В течение января «Монитор» поместил заметку из английских газет, в которой говорилось о некоторых разногласиях между Баварией и Австрией и о возможности континентальной войны. Такие замечания бросались мимоходом, время от времени, словно чтобы предупредить нас о том, что может произойти. Так бывает в оперной декорации, а еще вернее, на небе, когда облака скапливаются ниже вершины горы и рассеиваются на минуту, чтобы открыть то, что совершается за ними. Таким же образом все более или менее важные обсуждения, которые происходили в Европе, на минуту показывались нам, чтобы мы не были слишком изумлены, когда они вызовут какой-нибудь разрыв. Но затем тучи смыкались снова, и мы оставались во тьме до тех пор, пока не разразится гроза.

Я касаюсь эпохи очень важной, но которую тяжело описывать. Вскоре я буду говорить о заговоре Жоржа Кадудаля и о преступлении, которое было им вызвано. Приведу здесь относительно генерала Моро только то, что слышала, и не буду ничего утверждать. Мне кажется необходимым предпослать этому рассказу краткий обзор состояния, в котором мы тогда находились.

Известная часть людей, которые довольно близко стояли у дел, начинала говорить о необходимости для Франции наследственной правительственной власти. Некоторые придворные политики, добросовестные революционеры, люди, которые считали, что покой Франции зависит от жизни одного человека, сходились на неустойчивости Консульства. Мало-помалу идеи приблизились к монархии, и это направление имело бы свои преимущества, если бы могли согласиться на монархию, ограниченную законами. Революции имеют то важное неудобство, что разделяют общественное мнение на бесконечные оттенки, которые изменяются в результате столкновений, испытываемых каждым в различных обстоятельствах. И это всегда благоприятствует начинаниям, на которые покупается деспотизм, идущий вслед за ними. Чтобы сдержать власть Наполеона, надо было решиться произнести слово «свобода»; но, поскольку за несколько лет перед этим оно было начертано во Франции везде и всюду только для того, чтобы служить эгидой самому кровавому рабству, никто не решался преодолеть роковое впечатление, хотя и малопродуманное, какое оно внушало.
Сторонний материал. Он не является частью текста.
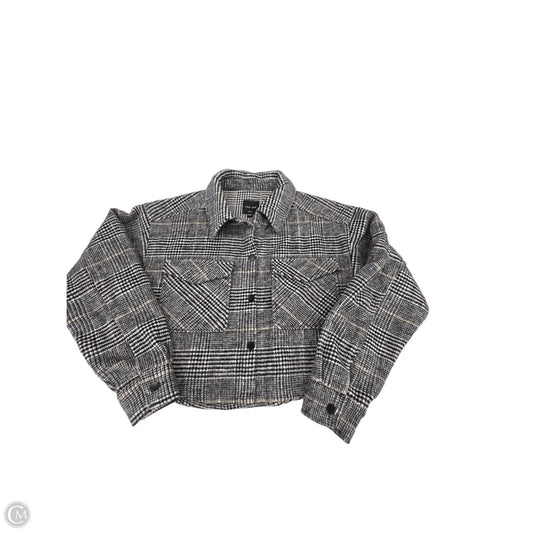 Jacket Shirt By Love Tree In Plaid Pattern, Size: S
Однако роялисты беспокоились и видели, что с каждым днем Бонапарт все более и более удаляется от того пути, на котором они его долго ждали. Якобинцы, оппозиции которых Первый консул боялся сильнее, глухо волновались. Они находили, что правительство старается дать гарантии их противникам. Конкордат, авансы, которые делали по отношению к старому дворянству, уничтожение революционного равенства, – все это было завоеванием их. Счастлива, сто раз счастлива была бы Франция, если бы Бонапарт совершил это завоевание только применительно к партиям! Но для этого надо быть воодушевленным исключительно любовью к справедливости; нужно в особенности слушать лишь голос великодушного ума.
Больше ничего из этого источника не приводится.